DATA PROVIDED section start
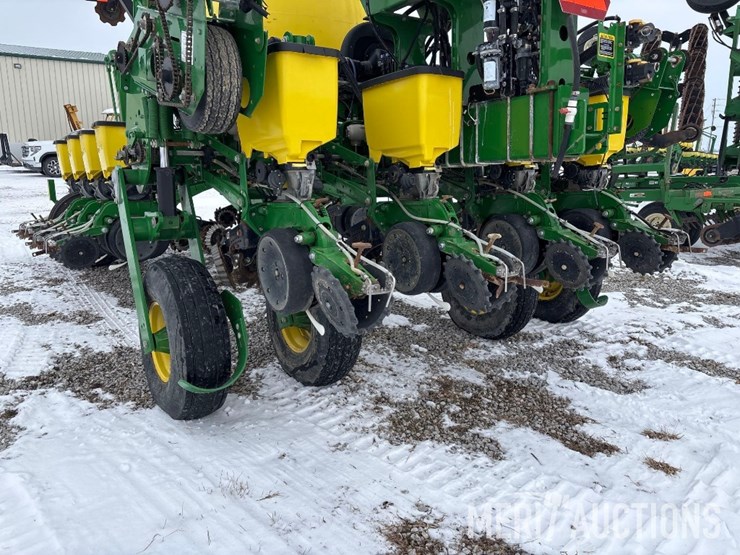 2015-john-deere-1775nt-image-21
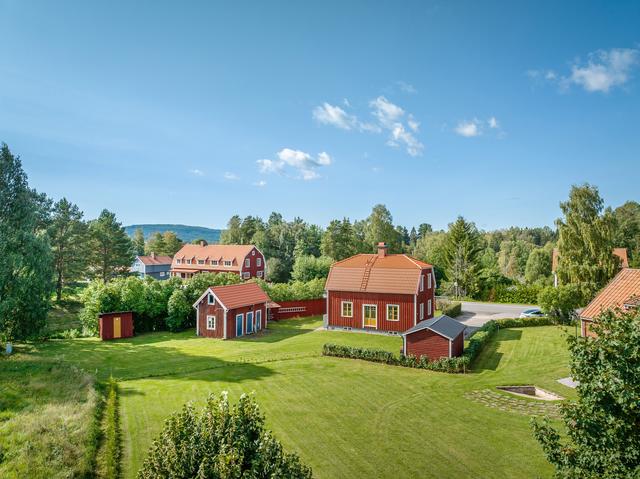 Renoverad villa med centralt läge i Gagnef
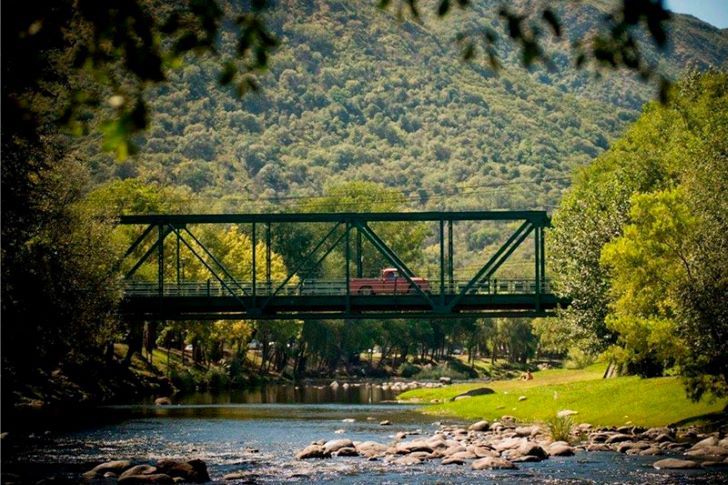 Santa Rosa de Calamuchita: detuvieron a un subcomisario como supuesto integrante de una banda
DATA PROVIDED section end
DATA PROVIDED section start
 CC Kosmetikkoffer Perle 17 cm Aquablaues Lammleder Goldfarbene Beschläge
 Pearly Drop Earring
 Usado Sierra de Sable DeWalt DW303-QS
DATA PROVIDED section end
| DIRECTIONS FOR THIS TASK |
Range to copy from the listing above: the line with "2015-john-deere-1775nt-image-21" through the line with "Santa Rosa de". Transcribe it exactly and skip the pictures.

| EXPECTED ANSWER |
 2015-john-deere-1775nt-image-21
 Renoverad villa med centralt läge i Gagnef
 Santa Rosa de Calamuchita: detuvieron a un subcomisario como supuesto integrante de una banda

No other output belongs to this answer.